Embora o número absoluto seja pequeno, o risco quase dobrou.

Para aceclidina, não existem dados populacionais de longo prazo, mas a bula traz o mesmo alerta, já que todos os mióticos compartilham, em teoria, esse potencial.

Impacto populacional: mais uso, mais casos

A presbiopia é extremamente comum. Estima-se que mais de 1 bilhão de pessoas no mundo sejam présbitas, incluindo milhões só no Brasil.

Se mesmo um risco pequeno se aplicar a um público muito grande, o número absoluto de complicações pode crescer bastante.

E como o tratamento não tem prazo para acabar — afinal, a presbiopia é progressiva e permanente —, o risco de complicações pode ser cumulativo ao longo dos anos.

Como reduzir os riscos:

• Exame completo da retina antes de iniciar — especialmente se houver miopia alta, histórico familiar de descolamento ou degenerações conhecidas.
• Atenção aos sinais de alerta: flashes de luz, aumento súbito de “moscas volantes” (pontinhos pretos), ou sombra no campo de visão.
• Suspender e procurar atendimento imediato se algum desses sintomas ocorrer.
• Evitar dirigir à noite logo após pingar, caso perceba a visão mais escura.
• Converse com seu oftalmologista sobre a possibilidade de uso eventual, e não diário, como forma de reduzir o risco cumulativo — especialmente se você não tiver outros fatores de risco adicionais para doenças da retina.

Vale a pena?

Esses colírios representam um avanço e podem oferecer liberdade temporária dos óculos de leitura. Porém, não corrigem a causa da presbiopia e exigem cuidado na prescrição.

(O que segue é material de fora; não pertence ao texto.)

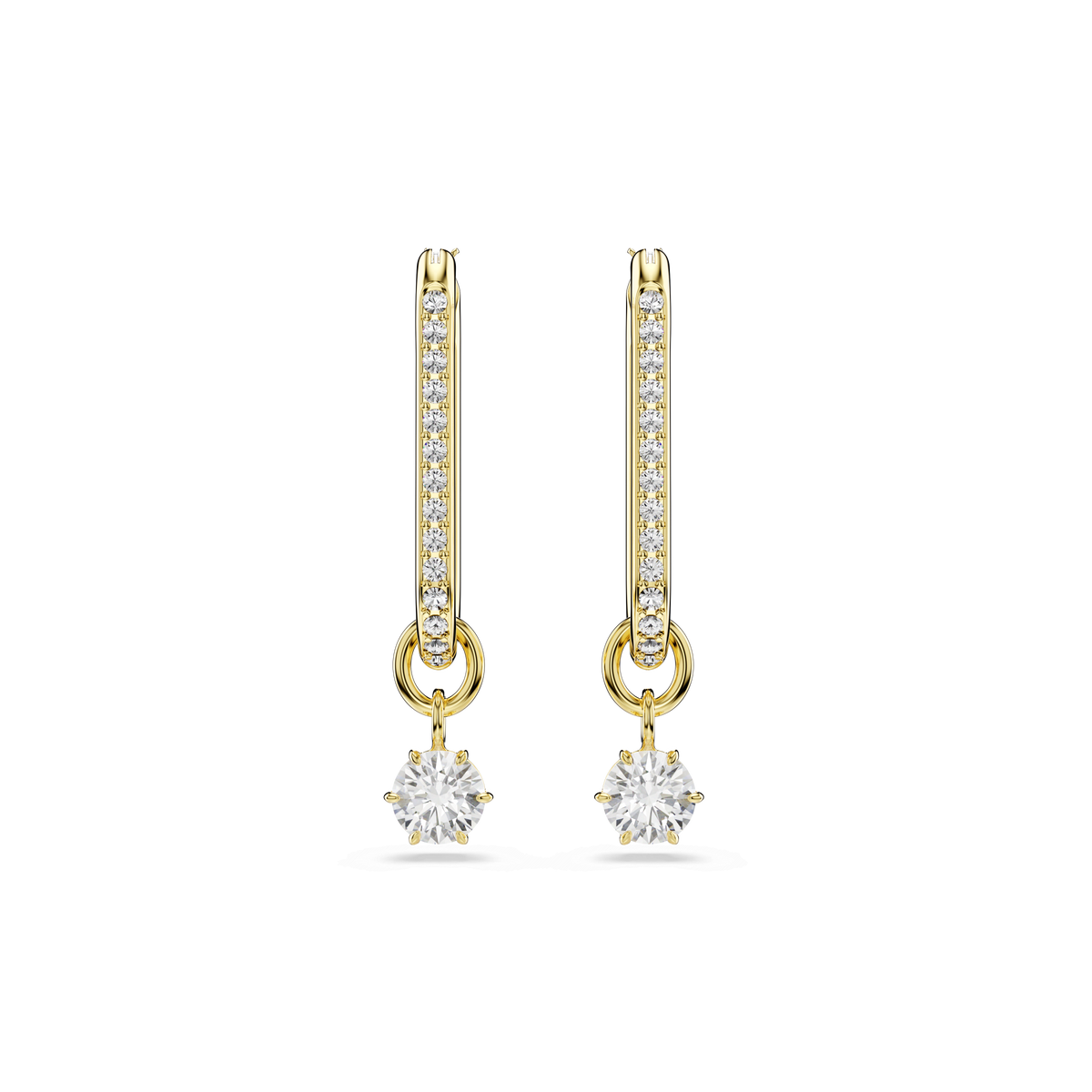 Swarovski Constella drop earrings by Swarovski feature a round cut white Swarovski Zirconia that dangles from an 18K gold finish hoop adorned with a row of small pavé gemstones, shown on a plain white background.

A decisão deve ser tomada junto com o oftalmologista, considerando não só o desejo de enxergar melhor de perto, mas também a saúde da retina e os possíveis efeitos colaterais.

É fundamental lembrar que os estudos cientificamente mais rigorosos acompanharam os pacientes por, no máximo, 6 meses, o que não é suficiente para medir com precisão riscos raros e cumulativos. Com o uso prolongado, especialmente em milhões de pessoas, mesmo eventos pouco frequentes podem se tornar relevantes em números absolutos. Por isso, o acompanhamento contínuo e criterioso é essencial.